§ Task: The answer must be an exact copy of the lines from the one containing "coffee beans and mix spices" through the end of the records, with the pictures left out.

§ Material to process:
****************************************

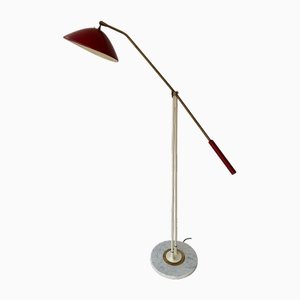 Italienische Mid-Century Stehlampe aus Messing & Rot lackiertem Metall von Stilnovo, 1960er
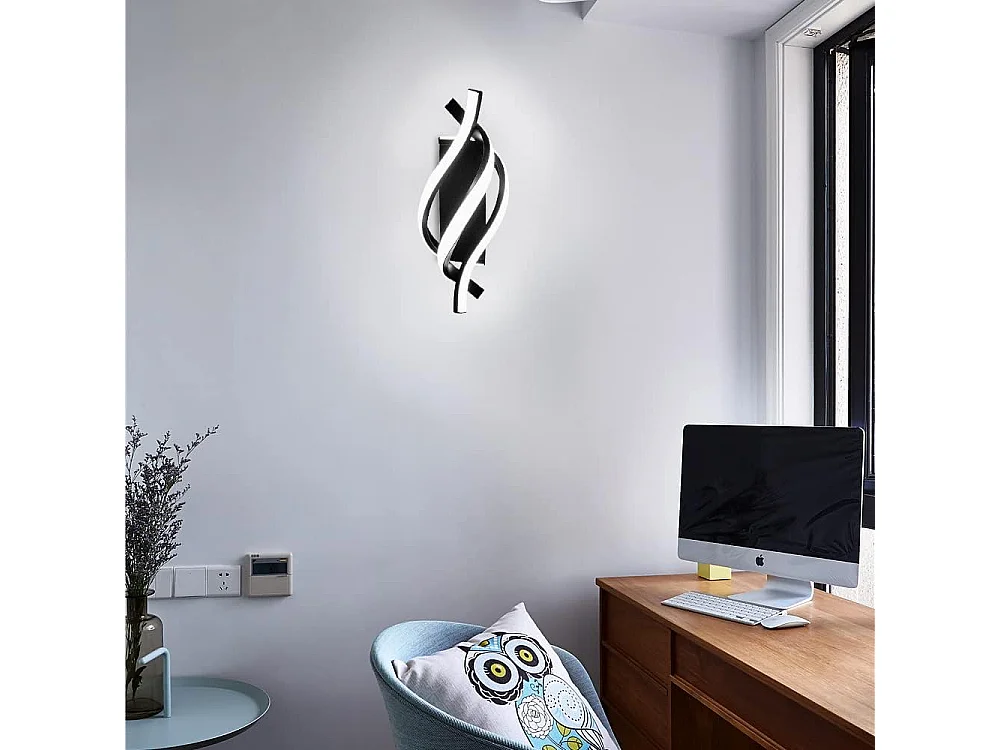 Applique Murale Interieur, Lampe LED Murale Moderne 18W Design incurvée IP20, Applique murale LED 6000K Lumière blanche froide 1620 lumens Noir IP20,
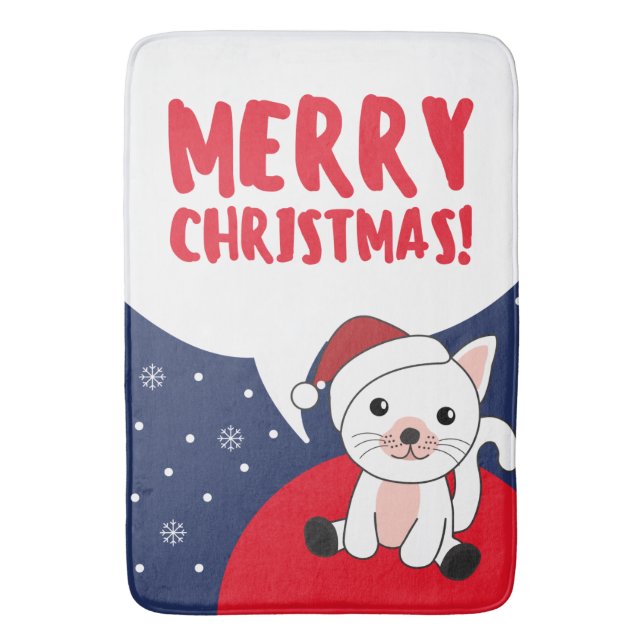 Cat Christmas Snow Winter Animals Cats Bath Mat (Front Vertical)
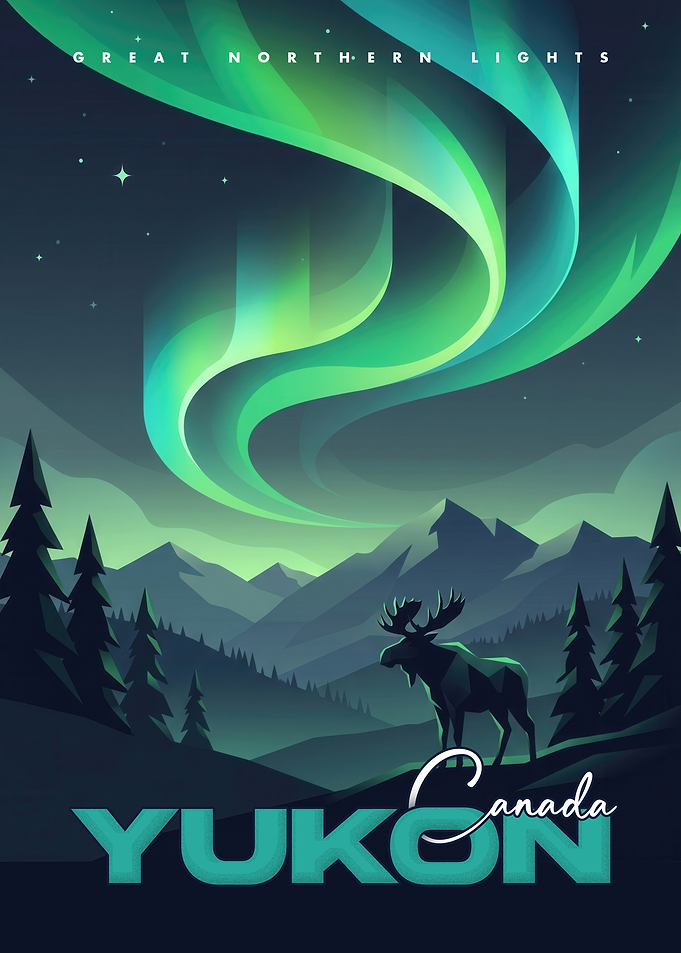 Yukon Canada Northern Lights Travel Poster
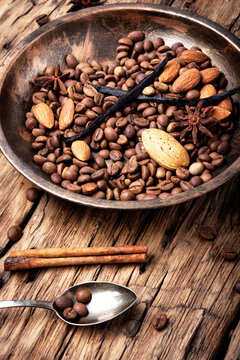 coffee beans and mix spices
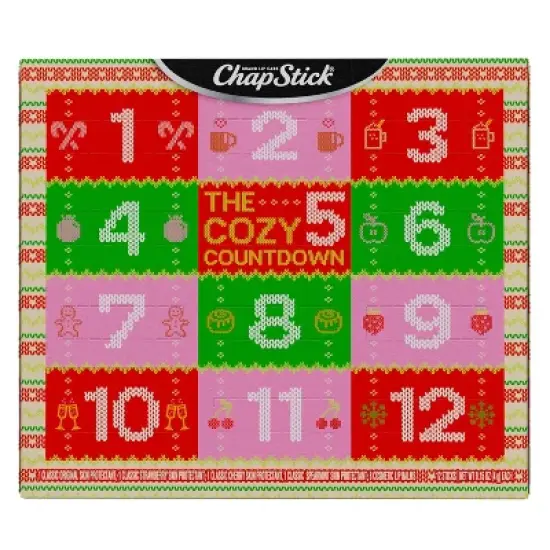 ChapStick Cozy Countdown Holiday Lip Balms 12-Pack, Advent Calendar image {9}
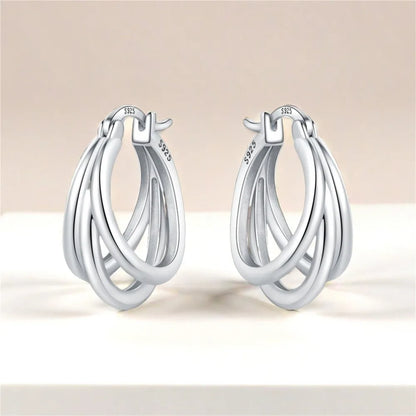 925 Sterling Silver Exquisite Multi-layer Ear Ring Jewelry Versatile Hoop Earrings For Women Jewelry Fine Birthday Party Gift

****************************************

§ Solved exercise:
 coffee beans and mix spices
 ChapStick Cozy Countdown Holiday Lip Balms 12-Pack, Advent Calendar image {9}
 925 Sterling Silver Exquisite Multi-layer Ear Ring Jewelry Versatile Hoop Earrings For Women Jewelry Fine Birthday Party Gift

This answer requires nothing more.